First point: my drive isn't 5000 (or million) acres of wilderness which I shouldn't own anyway.
Second point: I am not an irresponsible traveller and respect my environment.
Third point: as Dave above so aptly stated: "Rules are made for the interpretation of wise men & the blind obedience of fools" and I am talking west coast Scotland not the New Forest etc down where the grass is now grey!
Vidura


----------



## 106916 (Sep 8, 2007)

drcotts said:


> Hi
> We always have a rule never to park where there is any clear restrctions stated. Not only do we feel a little unsafe if we did ignore them but it does give the MH fraternity a bad name when others see you blatenty ignoring signs etc. The local chap passing by walking his dog will moan like buggery in the pub at night saying all sorts about us to hos mates and spreading the "dustbins on wheels" attitude.
> 
> Sorry but thats the way we see it.
> ...


Actually Phill, I think that is a bit paranoid although an understandable concern. Many people are a bit more subtle than that (many aren't of course) and those that are see the harmlessness of who we are and what we do and also understand why we do it - because we enjoy and appreciate the beauty of the surroundings and generallt are responsible people.
I think motor homers are appreciated (and perhaps envied) more than we realise!
Vidura


----------



## krull (Jul 22, 2006)

As usual this is the kind of thread that splits into two camps. Those that do and see no problem. And there are those that don't and think no-one else should. 

The same happens when talking about disposing of grey water on the road.

The key here is consideration and common sense. 

There are two plces I often visit, Scotland and Cornwall. 

I would (almost) never wild camp in Cornwall - too populated, too liable to hack peple off. 

I Scotland I mainly wild camp, even if it is forestry commission land or there is a no-overnight sign, provided the area is not populated. There is just not the population pressure to cause a problem. 

As for the forestry commission / private land situation. I consider forestry commission public land, despite what the last tory gov't did!


----------



## 106916 (Sep 8, 2007)

Greggy said:


> I don't think we should ever camp anywhere other than designated sites unless no sites are within a reasonable distance or there are none. So called wild camping gives us a reputation for being cheapskates among other things.
> Greg.


The problem is there often are no designated sites! The landowners have copped the lot! We as the general public are so marginalised from the planet which is our rightful home that we have lost all our inherent rights and freedoms to enjoy it - innocently and without doing any harm.
That is why I object to blanket prohibitions without the intelligent use of my own judgement as to what is appropriate and what is not.
If I thought it was an irresponsible and harmful thing to do to park up in any particular area/situation then I wouldn't do it. As it is there are so many wonderful spots to park up in that are needlessly restricted that the prohibitions lose the power of their own purpose.
We are always sensitive to the private needs of others and the consequences of repeated actions by such as ourselves but many restrictions do not encompass these concerns but are purely abstract!
Vidura


----------



## davesport (Nov 12, 2006)

I bought my van knowing that most of its use would be in Scotland. I've been wild camping for years & the MH was a further extension of this. If you take the line that


> Someone owns the land....Why should you be allowed to park on my drive?

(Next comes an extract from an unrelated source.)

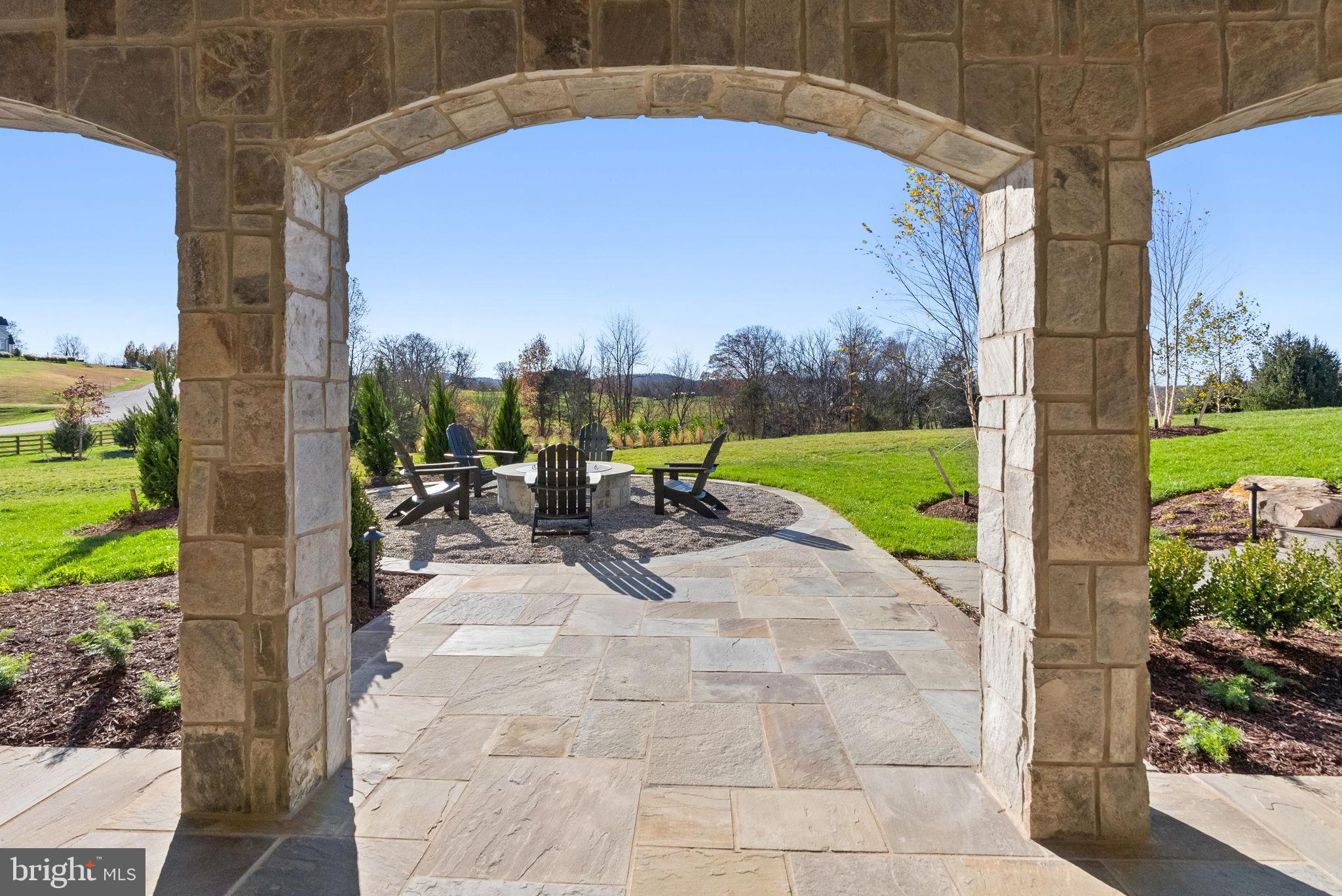 ESTATES @ CREIGHTON FARM - Residential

 there would be no wild camping anywhere......ever. Nobody would be allowed to go backpacking in the remote areas of the highlands.

Never mind what the signs say, if you're on someone elses land, IE not on your own property there is nothing to stop them turfing you off. That's the difference. In all these years I've never been asked to leave, ever. It's not someone's garden you're parking in, have a reality check.

I would respectfully suggest, if you're not comfortable with wild camping, which for the purposes of this discussion is anywhere other than a campsite or your own property, quite simply, don't do it.

Dave.


----------



## 106916 (Sep 8, 2007)

davesport said:


> If you take the line that
> 
> 
> > Someone owns the land....Why should you be allowed to park on my drive?
> ...


Hi Dave It is great that we are saying the same thing - "don't carry innappropriate value judgements into fields where thay don't apply" as EJB is doing. We are talking millions of hectares of wilderness not someone's back garden - he might like the safety and moral security of a campsite but he can't transfer those values (?!) to wildcamping in Scotland or anywhere else outwith the urban and suburban. It is a whole different ball game. And hey isn't the wilderness just beautiful!
Vidura


----------



## EJB (Aug 25, 2007)

The thread was started with reference to places where a sign stating 'No Overnight Parking'. was displayed.
I think that many have not really noticed that!? :wink:


----------



## thieawin (Jun 7, 2006)

It can be difficult.

I am all for wild camping where it is reasonable and will not cause damage or endanger me and my van. It may be a cut off layby where a road has been straightened or a carpark it may be the promenade of a saeaside resort. It may be in a National Park or on Forestry Commission land, there may or may not be no overnight stay signs.

Each one will have its specific considerations, at what time am I arriving and leaving, is the restriction a national one enforceable by police or a local one enforceable by a local authority? If the latter is it likely that a jobsworth civil servant will be out and about to enforce whilst I am there.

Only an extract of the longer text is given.